> **Dataset excerpt**:
+++++

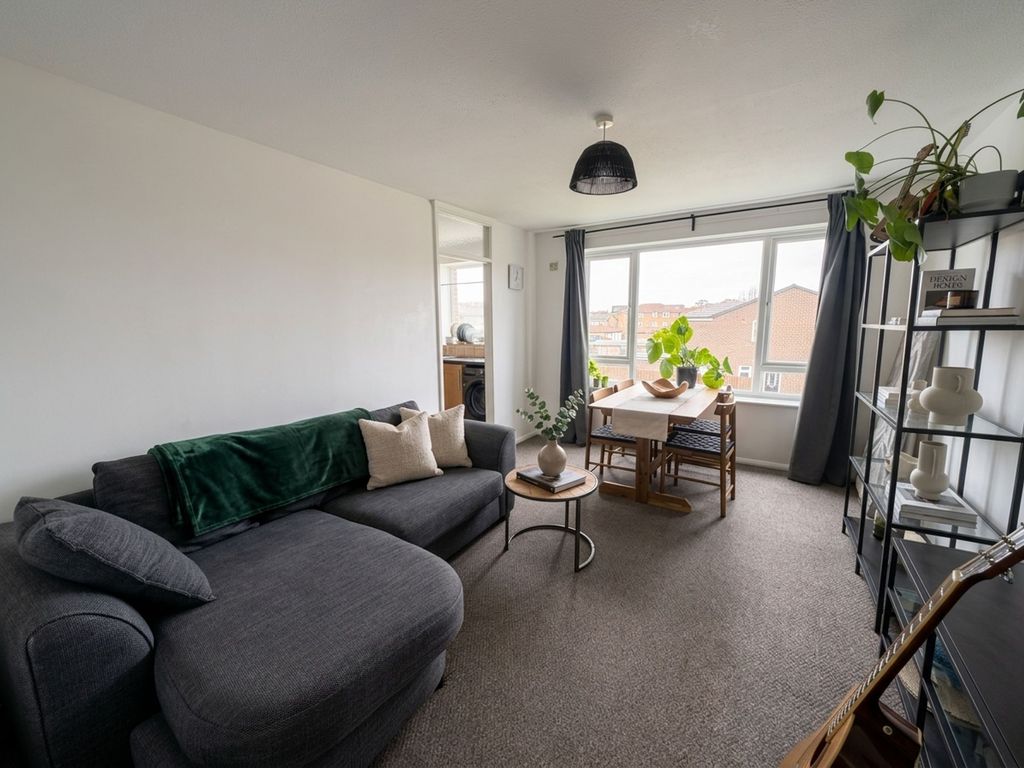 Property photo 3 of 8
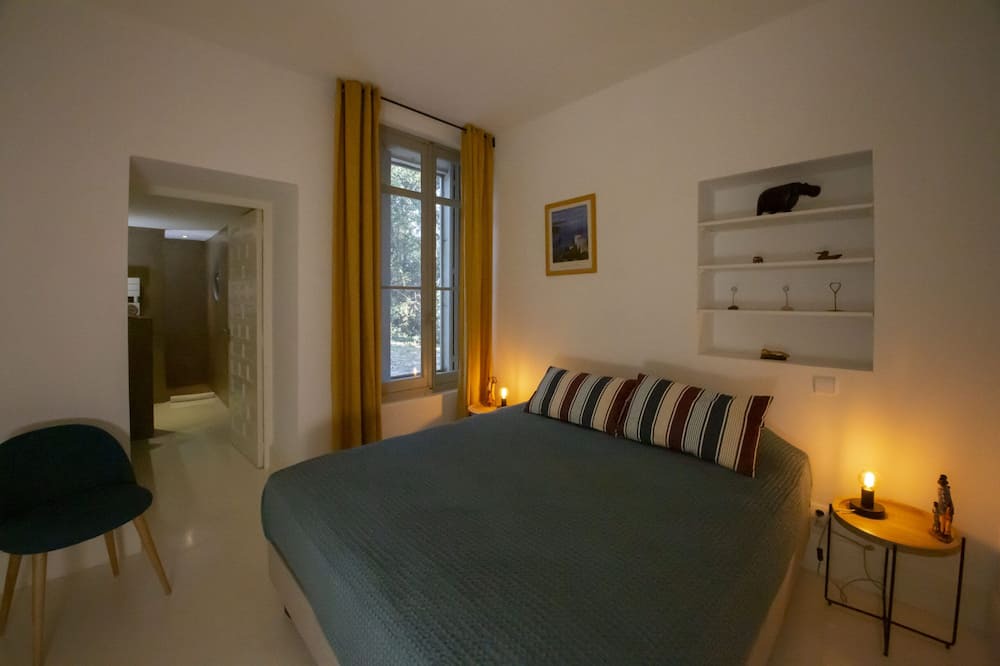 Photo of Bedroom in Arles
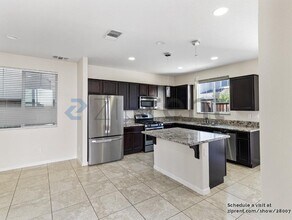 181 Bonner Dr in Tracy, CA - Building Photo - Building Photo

+++++

> **Problem**:
Would you output the listing above verbatim, without its pictures?

> **Written response**:
 Property photo 3 of 8
 Photo of Bedroom in Arles
 181 Bonner Dr in Tracy, CA - Building Photo - Building Photo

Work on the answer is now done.